- **What needs to be done**
Your reply should consist only of the lines from the one holding "With these new" to the last line of the data below, written out exactly and without pictures.

☆ ☆ ☆ ☆

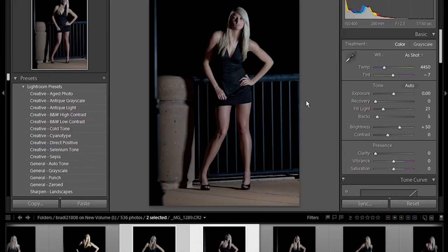In this video we're going to show you how to use the export functionality in Lightroom along with droplets that are created in Photoshop.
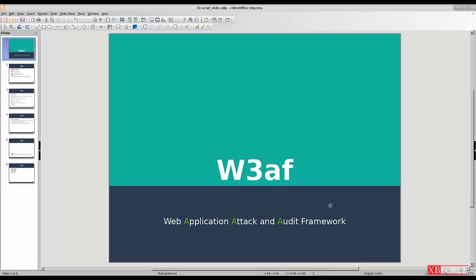Today we are going to work with w3af — the Web Application Attack and Audit Framework. You can use w3af to find and exploit vulnerabilities, but before we start using the w3af console we need to know some basics about this great framework.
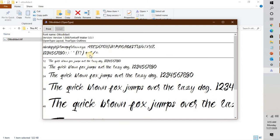So this is how you can go ahead and install fonts on your Windows 10 machine. I hope this video was useful. In case you like this video, please make sure to hit the Like button and do not forget to subscribe to my channel. Thank you, have a great day.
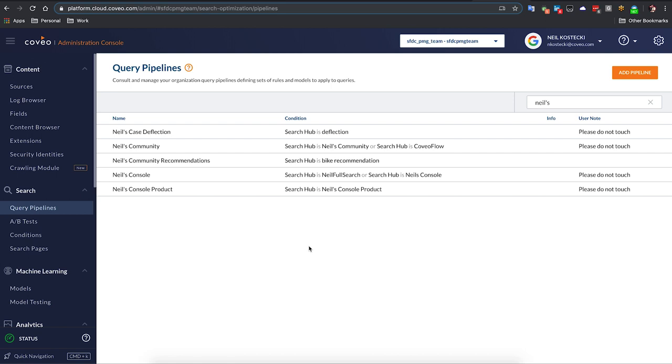And now I'll hand it over to Neil who will show us how this works on the backend. Great, that was really cool Esme and super easy to get started. What I want to show is on the Coveo cloud side and the administration console, how you actually use machine learning to get that content in front of the user. So I'm here looking at my query pipelines. You can see the Neil's community recommendations. The search hub condition matches the one that you've entered on the component. So that's how we tie the front end to the back end.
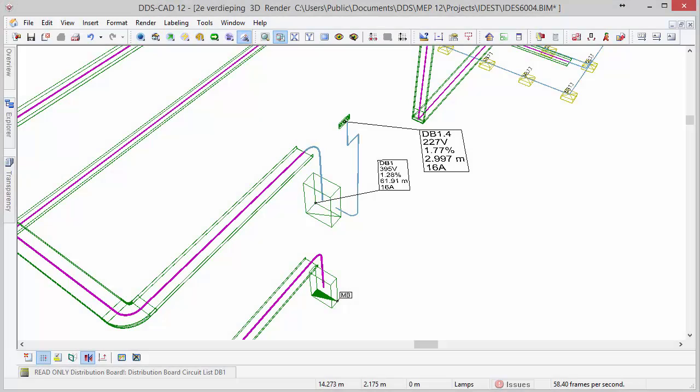With these new features, DDS-CAD 12 allows you to instantly create complex and intelligent cable and trunking systems.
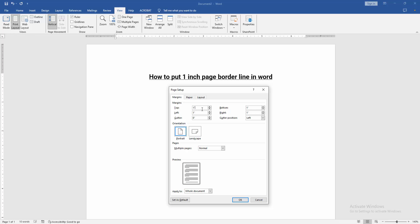Then we select the top margin, write 1, and set all margins—bottom, right, and left—to 1. Then click OK.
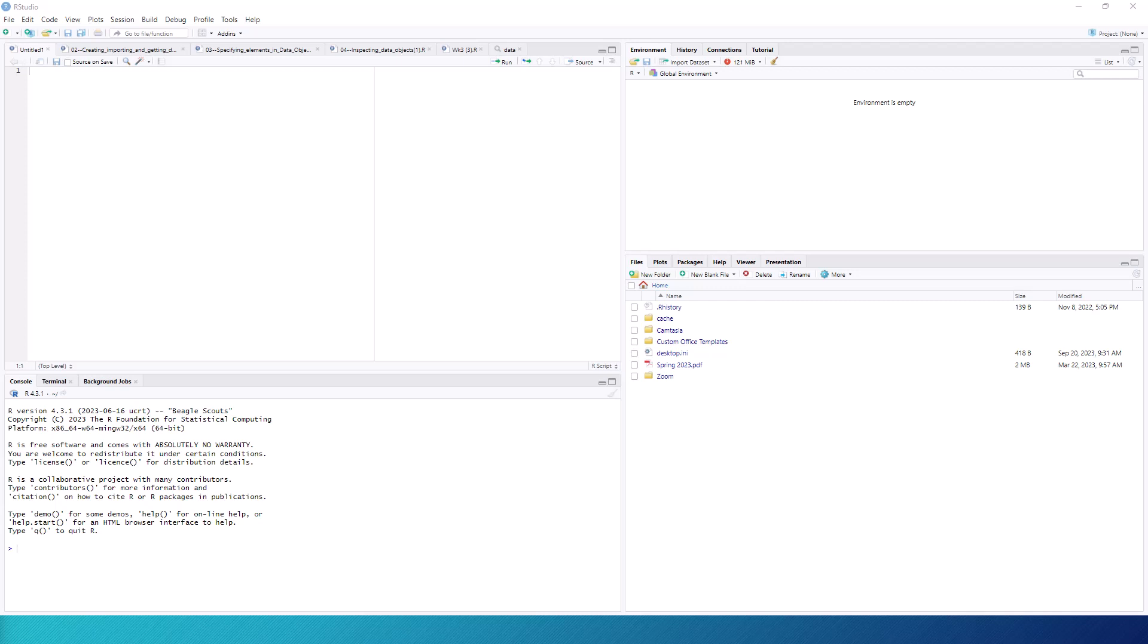Similarly, if you want to save something, it will default to saving it in the working directory. For that reason, it is worthwhile to make sure that the directory in which you wish to keep your files is the same place that R is using as the working directory.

☆ ☆ ☆ ☆

- **Solution below**
With these new features, DDS-CAD 12 allows you to instantly create complex and intelligent cable and trunking systems.
Then we select the top margin, write 1, and set all margins—bottom, right, and left—to 1. Then click OK.
Similarly, if you want to save something, it will default to saving it in the working directory. For that reason, it is worthwhile to make sure that the directory in which you wish to keep your files is the same place that R is using as the working directory.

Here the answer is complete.